Task item ->
Check each line of the listing below for "Hotel" and state how many lines contain it, with no other words.

═══ Extracted entries

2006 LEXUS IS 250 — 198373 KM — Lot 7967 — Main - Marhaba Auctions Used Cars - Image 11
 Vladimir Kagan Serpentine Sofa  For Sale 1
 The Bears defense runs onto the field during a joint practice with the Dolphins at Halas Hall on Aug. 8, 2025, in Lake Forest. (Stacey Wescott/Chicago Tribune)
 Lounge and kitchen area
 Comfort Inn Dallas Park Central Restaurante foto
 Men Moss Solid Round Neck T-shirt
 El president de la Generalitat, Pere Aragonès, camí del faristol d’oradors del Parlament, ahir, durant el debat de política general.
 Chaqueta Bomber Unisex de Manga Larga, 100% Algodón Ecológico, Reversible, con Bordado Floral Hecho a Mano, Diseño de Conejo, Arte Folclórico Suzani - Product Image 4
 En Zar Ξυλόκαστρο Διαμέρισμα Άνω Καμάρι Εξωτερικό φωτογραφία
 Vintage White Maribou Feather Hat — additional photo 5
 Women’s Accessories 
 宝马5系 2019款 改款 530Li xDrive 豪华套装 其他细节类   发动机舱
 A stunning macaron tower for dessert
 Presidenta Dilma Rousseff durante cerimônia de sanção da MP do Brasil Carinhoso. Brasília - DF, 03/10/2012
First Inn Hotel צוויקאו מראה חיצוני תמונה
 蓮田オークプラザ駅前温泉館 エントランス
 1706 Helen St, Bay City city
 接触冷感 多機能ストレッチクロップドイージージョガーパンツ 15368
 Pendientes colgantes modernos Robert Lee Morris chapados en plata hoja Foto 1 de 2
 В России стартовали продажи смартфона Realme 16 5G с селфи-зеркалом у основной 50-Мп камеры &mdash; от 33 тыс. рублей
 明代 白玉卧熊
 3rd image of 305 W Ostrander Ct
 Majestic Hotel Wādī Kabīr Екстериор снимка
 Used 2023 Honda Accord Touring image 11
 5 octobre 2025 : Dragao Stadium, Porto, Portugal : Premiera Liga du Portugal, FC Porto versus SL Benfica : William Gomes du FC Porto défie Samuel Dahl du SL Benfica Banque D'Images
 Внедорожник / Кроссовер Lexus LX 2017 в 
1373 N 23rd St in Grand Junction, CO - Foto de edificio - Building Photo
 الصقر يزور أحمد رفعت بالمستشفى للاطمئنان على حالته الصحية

══════

The answer ->
2